Debe señalarse que la sanción de esta ley nacional marcó un antes y un después en la larga tarea que se venía llevando adelante para cambiar el paradigma en el cual las personas usuarias de los servicios de salud mental eran objetos de tutela y protección, y el cambio dispuesto ahora por el Ministerio de Salud de la Nación representa un serio retroceso, lo que llevó a organizaciones sociales que trabajan en la defensa del derecho a la salud y los derechos humanos a pedir al ministro Lemus que anule la resolución ministerial que impulsa el retorno al antiguo sistema manicomial, por entender que el cambio que se pretende realizar vulnera los derechos de los pacientes. En una presentación que realizaron ante el Ministerio de Salud de la Nación estas organizaciones, que están nucleadas en la Red Nacional de Salud Mental Comunitaria y de Derechos Humanos, observaron que la ley cuyos alcances ahora se quiere dejar sin efecto propicia la reducción de las internaciones de pacientes en los hospitales psiquiátricos, tanto públicos como privados, y promueve la atención multidisciplinaria, ambulatoria y comunitaria. En ese sentido advirtieron que la decisión de dar marcha atrás con el proceso de “desmanicomialización” afectará “a un número indeterminado de personas con discapacidad psicosocial cuyos derechos se encuentran protegidos por tratados internacionales” de Derechos Humanos y normas “de jerarquía constitucional”. En una nota dirigida al ministro Lemus señalan que la medida “pone en juego y en riesgo su derecho a la salud, en particular a la salud mental, y sus derechos a vivir de forma independiente y ser incluido en la comunidad”. Para las más de 40 organizaciones de todo el país que integran la Red Nacional de Salud Mental la polémica resolución “adolece de vicios en su causa, en su objeto, en el procedimiento, en su motivación y en su finalidad, que la tornan nula”. Indicaron además que en caso de ser rechazado el recurso administrativo ante las autoridades nacionales, la Red se presentará ante la Justicia para pedir que se dejen sin efecto los cambios de la resolución 1003.
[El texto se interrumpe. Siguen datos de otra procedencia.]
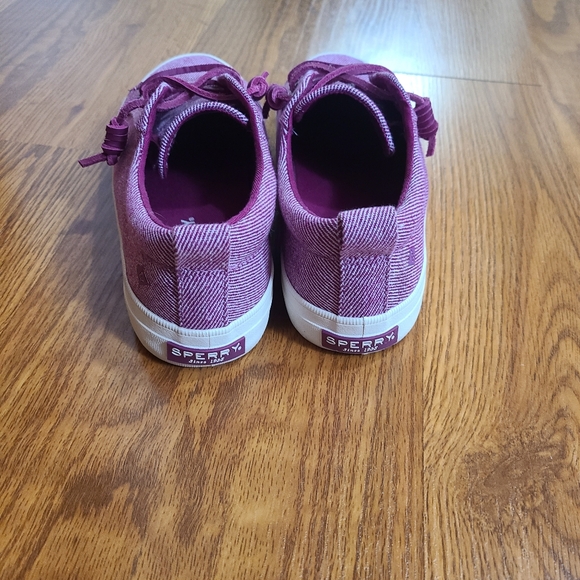 Sperry Crest Vibes Washed Twill Slip-On Sneakers Size 7 - Picture 5 of 7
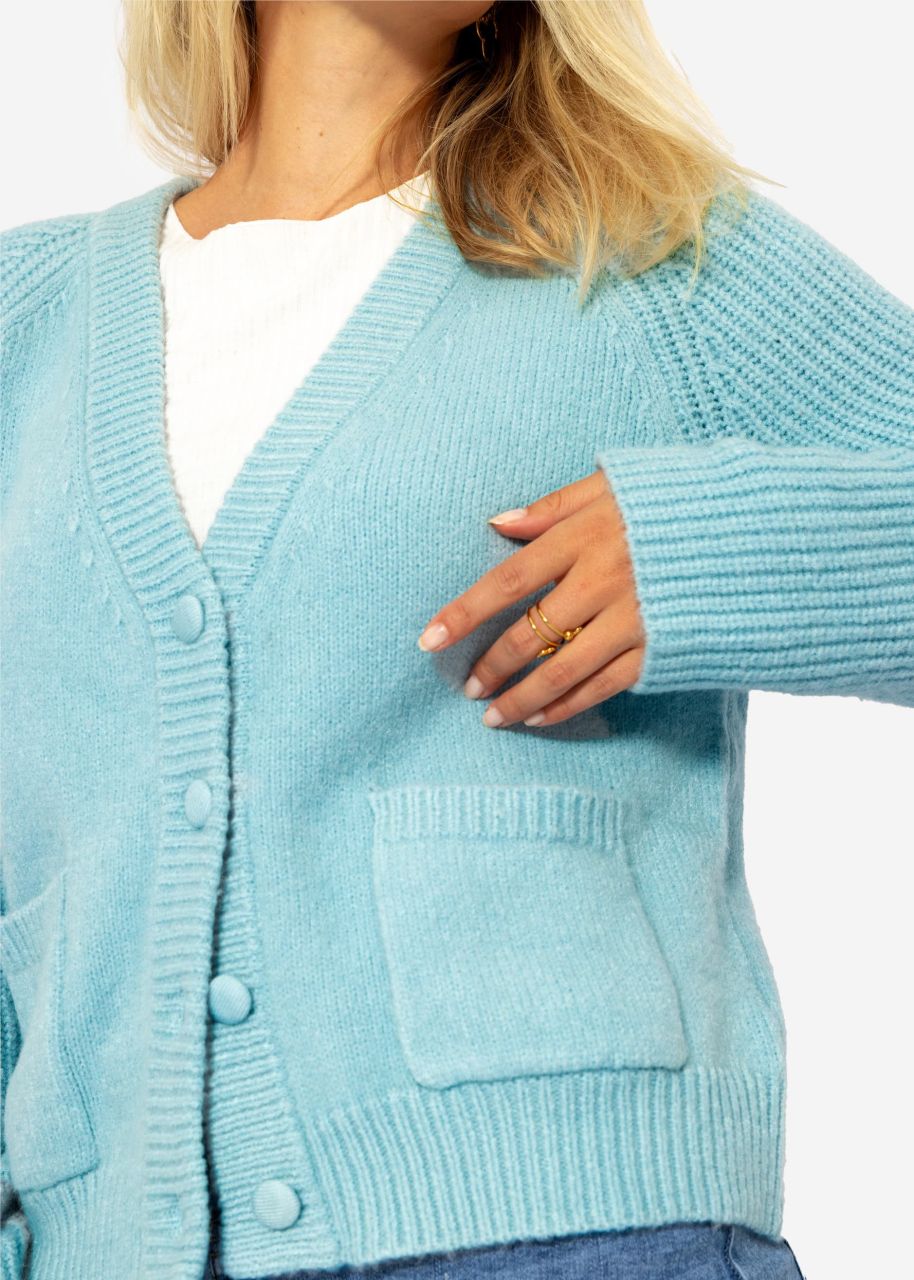 Raglan Cardigan - hellblau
La ley nacional de Derecho a la Protección de Salud Mental tuvo el mérito de reconocer la autonomía de las personas con padecimientos mentales y poner en evidencia que el manicomio no era la única respuesta para los interrogantes planteados en los casos de salud mental. Es de esperar que la cartera sanitaria nacional anule la resolución y evite volver a viejos paradigmas que refuerzan la exclusión.